Before we dive into the specifics of the Cognitive Actions, make sure you have the following:

  • An API key for the Cognitive Actions platform that you'll use to authenticate your requests.
  • A basic understanding of JSON structure, as the input and output for the actions will be in JSON format.

In general, authentication is typically handled by passing an API key in the request headers.

Cognitive Actions Overview

Perform Optical Character Recognition (OCR) on Images

This action executes text and image recognition using the hexiaochun/pp-ocr-v4 model. It efficiently extracts textual content from image files while supporting specified language options.

  • Category: document-ocr

Input

The input for this action requires the following fields:

  • image (required): A string representing the URI of the input image file. This must be a valid URL.
  • language (optional): A string representing the language model code, which is a two-letter ISO 639-1 code. The default value is "ch" (Chinese).

Example Input:

{
  "image": "https://replicate.delivery/pbxt/LU2RNiJHWHYLMvsZZjGktBFFVUB3OYR49mzp20Mln3WNPznP/output.jpg",
  "language": "ch"
}

Output

The output will typically return a JSON object containing the results of the OCR process.

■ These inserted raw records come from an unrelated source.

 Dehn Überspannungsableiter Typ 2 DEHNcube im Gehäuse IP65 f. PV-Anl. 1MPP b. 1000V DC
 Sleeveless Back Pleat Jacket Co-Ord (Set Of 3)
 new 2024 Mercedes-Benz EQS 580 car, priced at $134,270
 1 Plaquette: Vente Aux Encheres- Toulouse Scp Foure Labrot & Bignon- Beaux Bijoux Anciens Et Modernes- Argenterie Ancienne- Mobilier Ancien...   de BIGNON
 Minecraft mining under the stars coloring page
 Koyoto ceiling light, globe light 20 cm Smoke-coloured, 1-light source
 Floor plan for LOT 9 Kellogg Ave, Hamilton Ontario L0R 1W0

Each result includes:

  • box: An array of coordinates defining the bounding box around detected text.
  • text: The extracted text from the image.
  • confidence: A float representing the confidence level of the extracted text.

Example Output:

{
  "results": [
    {
      "box": [
        [161, 669],
        [418, 669],
        [418, 732],
        [161, 732]
      ],
      "text": "柔软舒适的",
      "confidence": 0.9974066019058228
    }
  ]
}

Conceptual Usage Example (Python)

Here’s how you might call the OCR action using Python:

import requests
import json

# Replace with your Cognitive Actions API key and endpoint
COGNITIVE_ACTIONS_API_KEY = "YOUR_COGNITIVE_ACTIONS_API_KEY"
COGNITIVE_ACTIONS_EXECUTE_URL = "https://api.cognitiveactions.com/actions/execute" # Hypothetical endpoint

action_id = "8f6cde58-bdf3-4148-9637-6a3b3ed616c5"  # Action ID for Perform Optical Character Recognition (OCR) on Images

# Construct the input payload based on the action's requirements
payload = {
    "image": "https://replicate.delivery/pbxt/LU2RNiJHWHYLMvsZZjGktBFFVUB3OYR49mzp20Mln3WNPznP/output.jpg",
    "language": "ch"
}

headers = {
    "Authorization": f"Bearer {COGNITIVE_ACTIONS_API_KEY}",
    "Content-Type": "application/json"
}

try:
    response = requests.post(
        COGNITIVE_ACTIONS_EXECUTE_URL,
        headers=headers,
        json={"action_id": action_id, "inputs": payload}  # Hypothetical structure
    )
    response.raise_for_status()  # Raise an exception for bad status codes (4xx or 5xx)

    result = response.json()
    print("Action executed successfully:")
    print(json.dumps(result, indent=2))

except requests.exceptions.RequestException as e:
    print(f"Error executing action {action_id}: {e}")
    if e.response is not None:
        print(f"Response status: {e.response.status_code}")
        try:
            print(f"Response body: {e.response.json()}")
        except json.JSONDecodeError:
            print(f"Response body: {e.response.text}")

In this example, replace YOUR_COGNITIVE_ACTIONS_API_KEY with your actual API key and ensure the endpoint URL is correct. You'll see how the action ID and input payload are structured to invoke the OCR action effectively.

Conclusion

By leveraging the hexiaochun/pp-ocr-v4 Cognitive Actions, you can significantly enhance your applications with advanced OCR capabilities. From extracting text from images to providing language support, these actions simplify the integration process. Consider exploring other use cases, such as automating document digitization or building intelligent content analysis tools. With these powerful tools at your disposal, the possibilities are limitless!